I’m watching a CNN special, “Unwelcome: The Muslims Next Door.” I haven’t been looking forward to this. It’s never pleasant to watch hatred at work.
The program is the story of the local Muslim community in Murfreesboro, TN, wanting to build a new center on the outskirts of town.
When the community purchased the land and put up a sign announcing the building of a new Islamic Centre, the trouble began.
People at demonstrations against the building of the center said things like: “This mosque they’re wanting to build. It’s really a training center.” “Death to all infidels.”
People wrecked the construction machinery, defaced the signs, and fired shots into the air to scare the people.
Everything was done to make the Muslim community afraid and to deny to them the feeling that Murfreesboro was their home.
I’d like to make something clear. I myself am a Jew. You know how we always assume that, if people belong to an ethnic group, they’re always going to line up with that group? And it’s said, or at least it’s thought, that Jews are somehow antipathetic to Muslims? Well, I don’t believe that’s true.

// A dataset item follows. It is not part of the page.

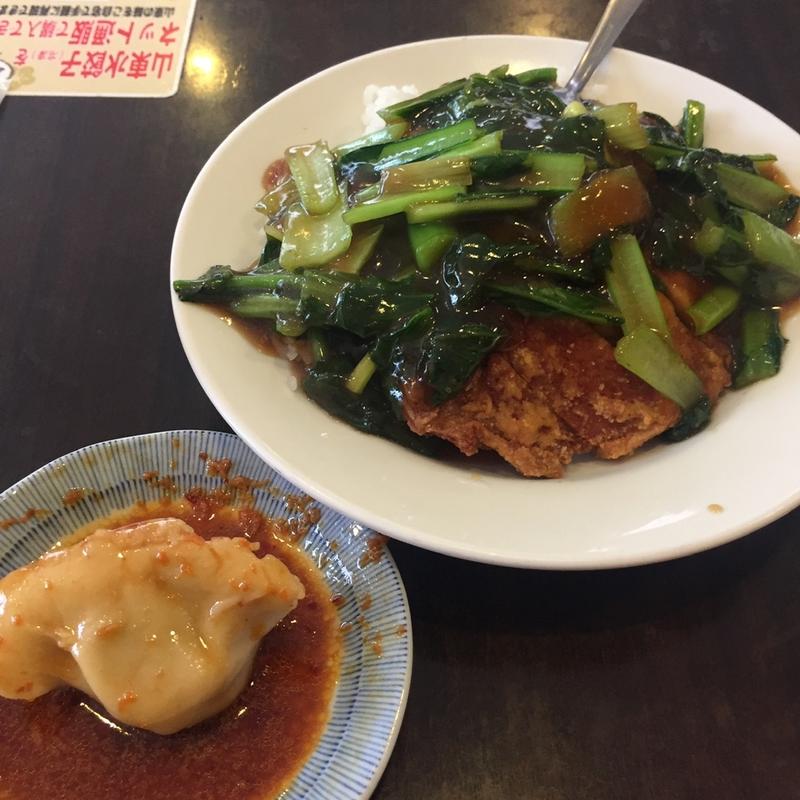 水餃子とパイコー飯(山東 二号店)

I believe it’s a line we’ve been fed like so many other lines and that it originates with the same people who were responsible for what Muslims are accused of.
I don’t hate Muslims. I have no desire to see anyone falsely accused or watch any group be persecuted.

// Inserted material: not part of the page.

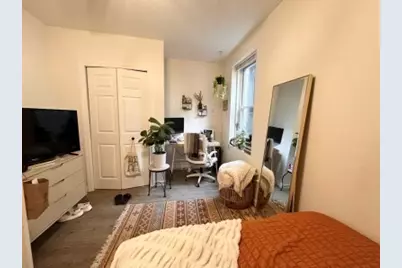 14 Hull Street #1, Boston, MA 02113 - Photo 2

In reality, our ways of thinking about social situations like this are hopelessly simplistic and often inaccurate. Just as the persecutors’ view of Muslims in Murfreesboro.
They consider that Muslims caused 9/11. Muslims did not cause 9/11. The same man who said that we should not listen to conspiracy theories, the same man who said if you’re not with us you’re against us, the same man who presided over the American nation when 9/11 happened, in my view, had far more to do with the events of that day than Muslims.
9/11 was engineered by persons unknown, persons who have escaped justice, persons who falsely accuse others, but among their number almost surely were the President, his Vice-President, the Secretary of Defense, the Secretary of State and many, many other officials of his government.
9/11 was created by a cabal and blamed on Muslims. The evidence for this point of view grows every day. To begin to cite all the inconsistencies and contradictions in the official story would fill a good-sized book and more and more is learned about them as investigation continues.
George Bush, Dick Cheney, and Donald Rumsfeld may even die before they are brought to court but the truth will still emerge one day.
An important part of the plan was to shift the blame to Muslims. Another important part was to invade Afghanistan and Iraq. Please hear me: millions of people have died in a war that began on false bases and has other goals in mind than somehow striking back against those who “caused” 9/11.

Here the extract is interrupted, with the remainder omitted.